It’s a farmer’s wife dreaded time of year. The Spring.
For others, it promises new life, buds pushing through the ground, lengthening days, but not generally for the busy young mother and farmer’s wife. Reality down in the farm, the Spring takes our husbands away. Makes them absent, hairier and more likely to fall asleep in obscure parts i.e. the dinner table.
It means keeping up with paperwork, parenting alone, worry over sick animals, rushed conversations in the back kitchen. This is my eighth spring in Hearthill and whilst I’m becoming used to it’s tempetuous ways, we have not yet made friends. This year especially when the season finds me heavily pregnant whilst running around after two little boys, I’m certainly not a fan.

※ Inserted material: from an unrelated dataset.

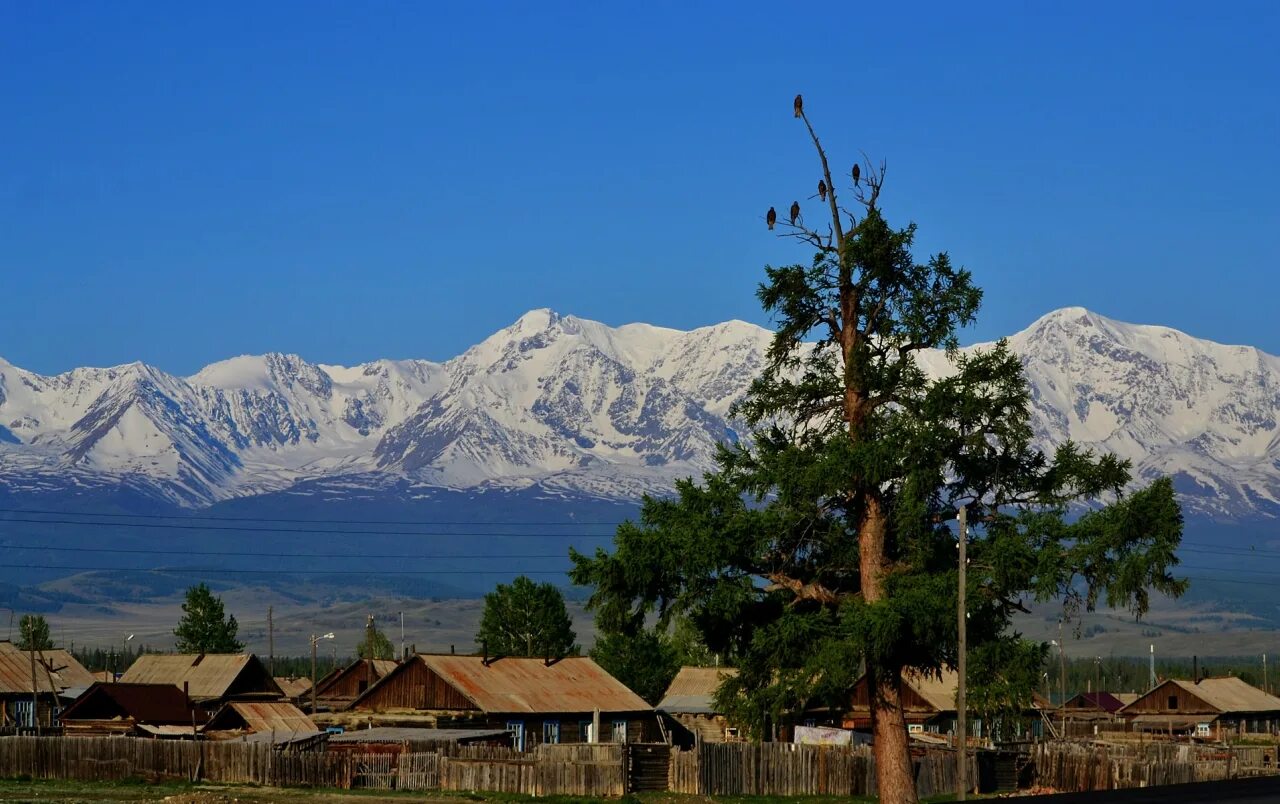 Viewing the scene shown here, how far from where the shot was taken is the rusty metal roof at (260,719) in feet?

Especially brutal is the fact that just preceding the Spring are the two months where my husband turns into a househusband, putting the kids to bed, letting me have a lie in, cuddling up on the couch for rubbish tv and generally being there whilst the cows are dried off. Bliss.

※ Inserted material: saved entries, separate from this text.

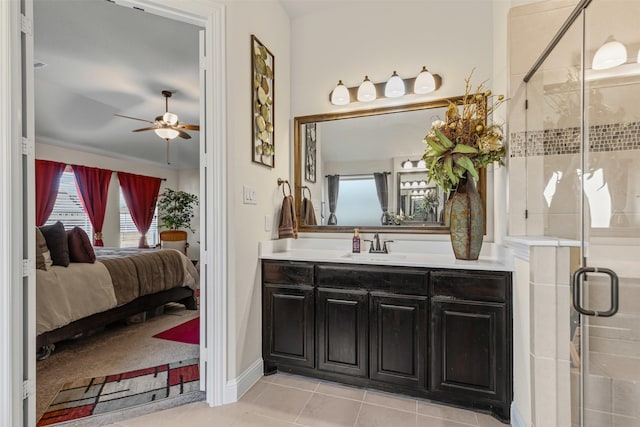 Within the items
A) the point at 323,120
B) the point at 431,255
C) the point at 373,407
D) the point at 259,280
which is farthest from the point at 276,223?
the point at 373,407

So, how this year, do I survive the Spring as I feel the Winter sprinting away from me. My survival kit;
1. There’s still time to hibernate. Catch up on lost sleep, early to bed, late to rise. Long snoozes during the day. Christmas programming means there’s lots of films for the children to enjoy whilst you all snuggle up on the couch and store up energy.

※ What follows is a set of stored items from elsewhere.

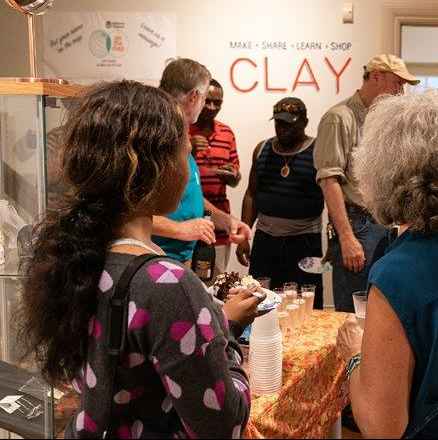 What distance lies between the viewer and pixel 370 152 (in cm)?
114

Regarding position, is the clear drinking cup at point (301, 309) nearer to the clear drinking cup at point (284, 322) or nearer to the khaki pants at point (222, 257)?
the clear drinking cup at point (284, 322)

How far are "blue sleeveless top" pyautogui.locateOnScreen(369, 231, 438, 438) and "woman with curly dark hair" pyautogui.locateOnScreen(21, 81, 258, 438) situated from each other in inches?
12.5

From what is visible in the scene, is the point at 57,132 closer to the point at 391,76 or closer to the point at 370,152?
the point at 370,152

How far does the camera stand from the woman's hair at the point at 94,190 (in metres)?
0.78

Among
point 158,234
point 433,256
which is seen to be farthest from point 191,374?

2. Try not to complain about it too much. Ops. Make it pleasant for everyone, though deeply frustrating, we’ve got to play the cards we’re dealt. Even if it means ignoring the fact that your partner may not remember your name during those sleep depraved weeks, try not to complain too much. Instead of mourning the loss of Valentine’s day, make a romantic supper for two for whatever hour he might appear at your threshold, though pinch him if he falls asleep into said romantic meal! Just a small pinch.
3. Take the children to see Dad; there are lots of safe ways to have fun on a farm, if you are blessed with little boys, you know they love nothing more than donning the wellies and getting mucky. Feed the baby calves. Let them see a cow calving. Turn up in the milking parlour to help feed the ration. Later on the spring, bring a picnic to Dad in the fields as he’s fencing. A shared flask and fairy cakes can mellow all the family’s frustrations during that busy time of year.
4. Look ahead, the season can’t last forever.